Every profession uses its own language with its own definitions and context. Accountants use terminology foreign to many outside of this profession. Understanding the financial condition of the business and the accounting principles used to determine the financial condition is critical for business owners. Understanding the meaning behind basic accounting terms opens the communication between accountants and business owners.
The accounting equation represents the foundation of financial reporting. This equation is written as assets equal liabilities plus stockholders’ equity. The balance sheet financial statement builds on the accounting equation by listing out the company’s assets, liabilities and equity items. Modifying this equation allows the company to determine its net worth by subtracting its total liabilities from its total assets.
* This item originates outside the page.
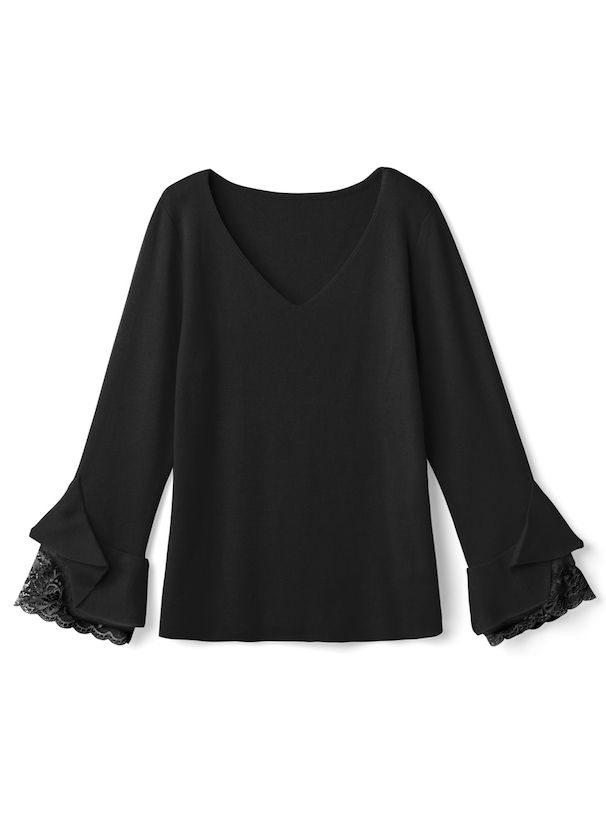 日本 GRL - 氣質V領蕾絲花朵袖針織上衣-天使白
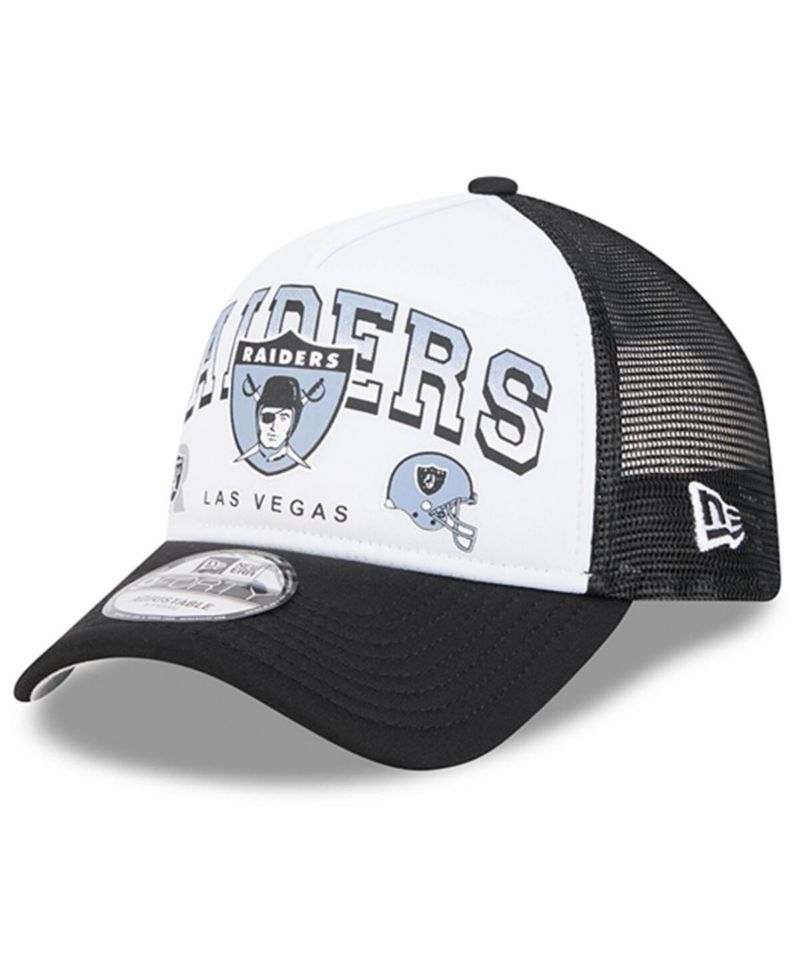 Men's White/Black Las Vegas Raiders Retro Wordmark A-Frame 9FORTY Adjustable Hat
Most companies use the accrual accounting method to record its financial transactions and report its financial results. Accrual accounting allows the company to communicate a fair picture of its activities for the period. Accrual accounting requires the company to report revenue at the time it earns the revenue, regardless of whether or not the company collects payment at that time. Accrual accounting also requires the company to report expenses at the time it benefits from those expenses, regardless of whether the company pays for those expenses at that time.
Chart of Accounts
A chart of accounts represents a list of every account a company uses for financial reporting. The company classifies each account as an asset, a liability, an equity account, a revenue account or an expense. The chart of accounts assigns an account number to each account. The company keeps the accounts in order by classification. Assets are first, followed by liabilities and equity accounts. Revenues and expense accounts appear after the equity accounts. The company uses a flexible numbering system and skips numbers in between each assigned account number. This allows the company to add new accounts in the future and maintain the numbering system.
Net income represents the amount of money the company earns after considering its expenses for the period. The calculation of net income appears on the company’s income statement. The income statement lists all of the revenues earned during the period, all of the expenses incurred during the period and the difference between the two. If the revenues exceed the expenses, the company reports a net income. If the expenses exceed the revenues, the company reports a net loss.